Part of the fire that moves women runners like the Leading Ladies to toe the line of a marathon is our complicated history with it. The first modern Olympic marathon was held in Athens, Greece in 1896.  Katherine Switzer ran the Boston Marathon 71 years later, in 1967, using only her initials to register.  The enraged race director tried to physically push her off the course.  It took 5 more years before women were officially allowed to run in Boston in 1972, nearly 100 years after that first event in Athens.  Many people think Katherine Switzer was the first woman to run a marathon, but for historical accuracy, Arlene Pieper ran the Pikes Peak Marathon in 1959, reaching and descending its 14,115-foot summit, greeted by perhaps a much more enlightened race director.  Women were thought too frail and fragile for such physical feats, and it was believed that it would affect a “woman’s reproductive health.”  Propriety prevents me from saying just exactly what they thought might happen, but trust me when I say, they were wrong. 

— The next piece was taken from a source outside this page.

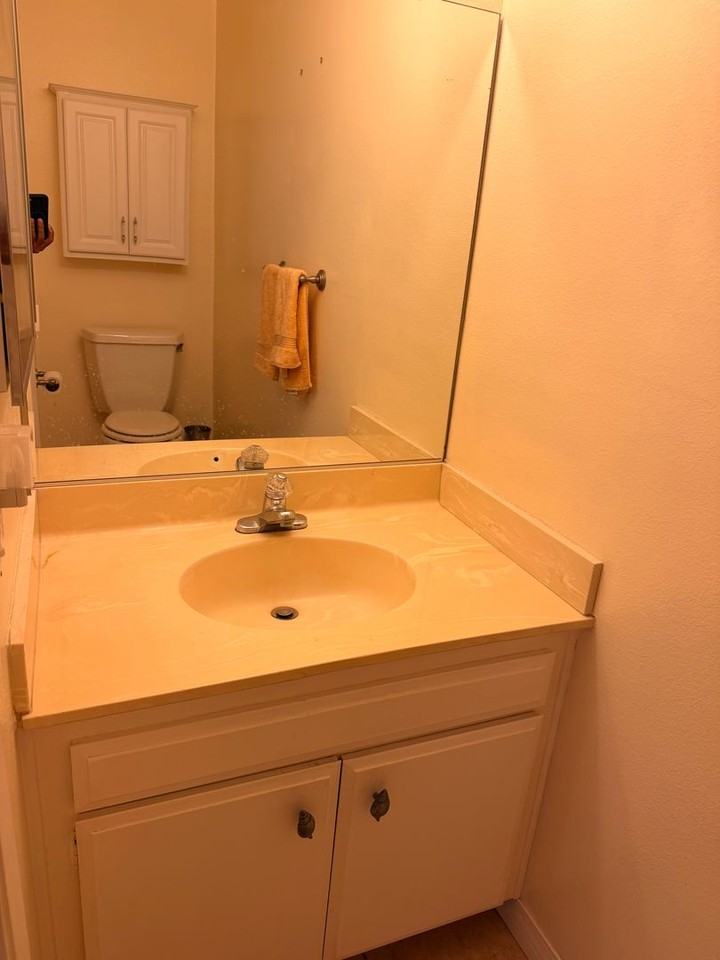 223 E Surfside Dr - Photo 4 of 13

Knowing its history, knowing that women were told they didn’t belong in marathons for so long is what inspires women marathoners.  Tell a strong woman she can’t do something and then get out of the way and watch her prove you wrong.  The 54 Leading Ladies proved that they could.  Women make up not quite half of the field, on average, in American marathons.  We most certainly have come a long way!  On behalf of the entire Platte River Fitness family, congratulations on the OG’s of Leading Ladies Nebraska, the Spearfish team of 2015!  Sisterhood really is powerful!